I remembered. I unhooked the kitten. Laid it on the concrete floor. Found a brick. Pounded its head into flat jelly. I didn't know how to stop its pain, so I made it all stop.

I found Simon out on the flatlands that night. Burning something on a spit over a little fire. I didn't want to know what it was. I left him there. When I threw the tire iron into the street it was so slick with pulp that it skidded for half a block.

'I PAID that off.'

'Yeah. You kept your name. But I remember. You cried for an hour over that kitten. Cried like a baby. You were shaking so hard I didn't think you'd ever get up. You were going to do the same thing to Simon. Remember how you swore that? And how you told the others it was your kitten Simon tortured? Liar! You never had a kitten- you don't even like them.'

She sounded like the judge who told me I was a menace to society.

'That never happened,' I said, lighting a cigarette. 'Your mind is all fucked up.'

'I kept your secret. I could have told…'

'Who'd listen to a little cunt like you?'

'Anybody who wanted it- and they all did.'

''Cause they paid?'

'That's the way you tell.'

'That's the way you tell.
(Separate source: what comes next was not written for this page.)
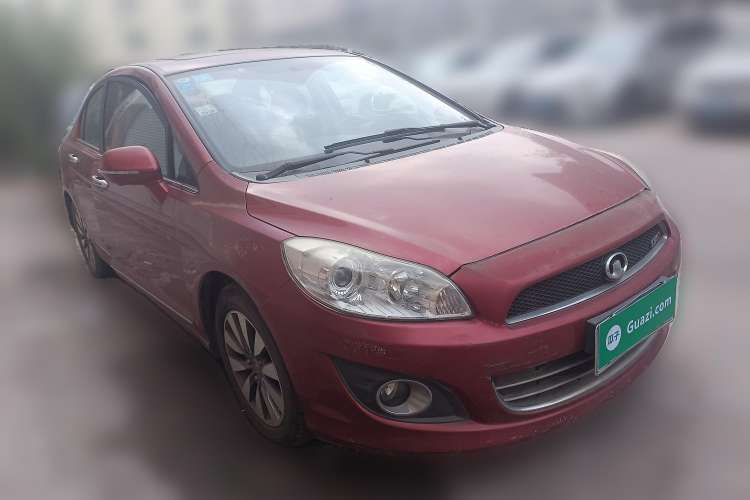 Used Great Wall C50 2013 1.5T Manual Elite Edition Front Right 45 Deg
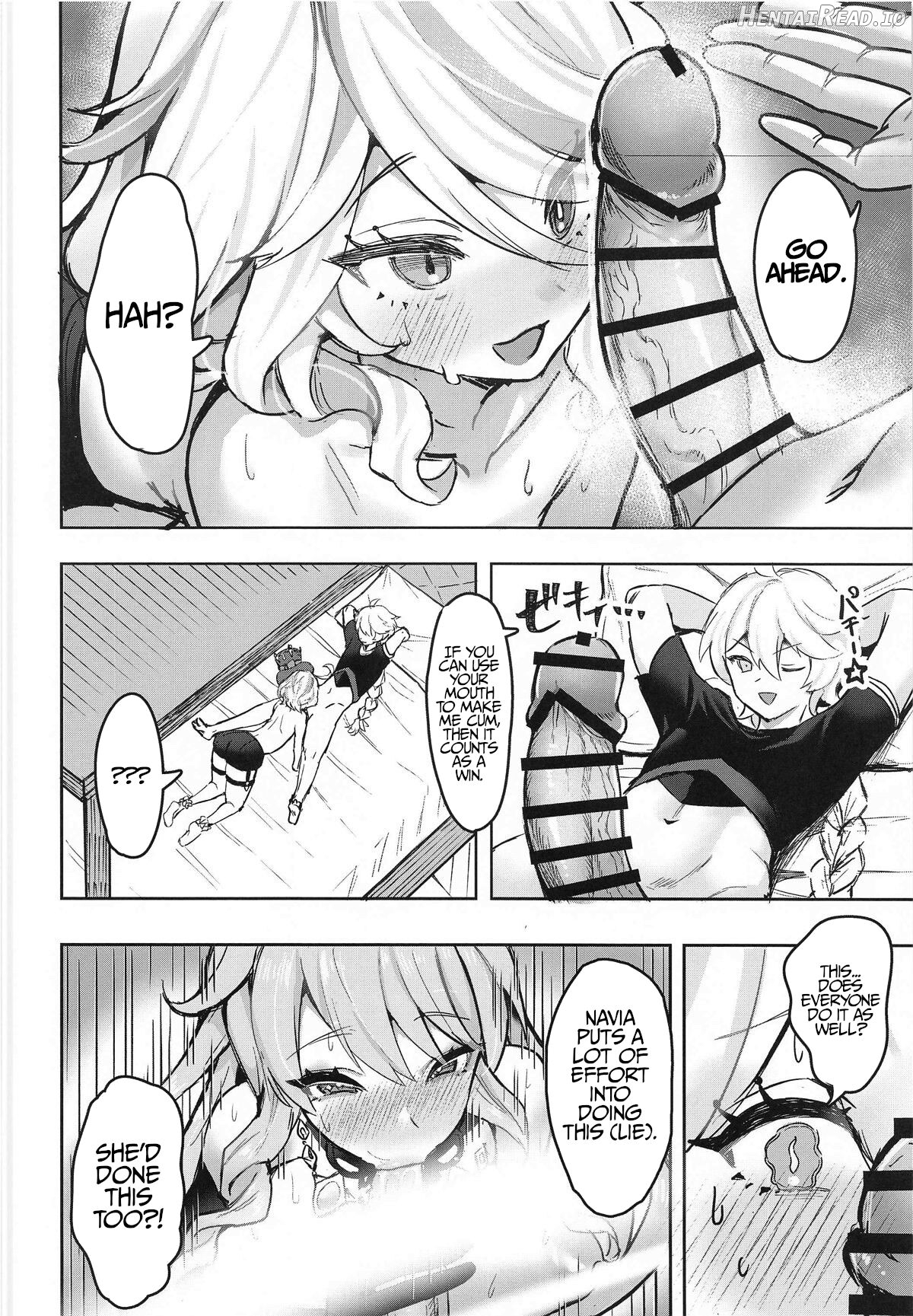 Otona no Tetosia - The Tabletop Troupe for adults only Chapter 1 - page 11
That's all you know.'

'I know you,' she said, the dress sliding off her shoulders.

I got up to leave. She stood before me, stepping into my chest. I remembered the basement. How she watched while I cried. How she never touched me- waiting to see who'd win. It wasn't hard keeping my hands from her body. Just from her throat.

I turned sharply away from her, my shoulder cracked against her jaw.

'You never knew how to hold a woman,' she said.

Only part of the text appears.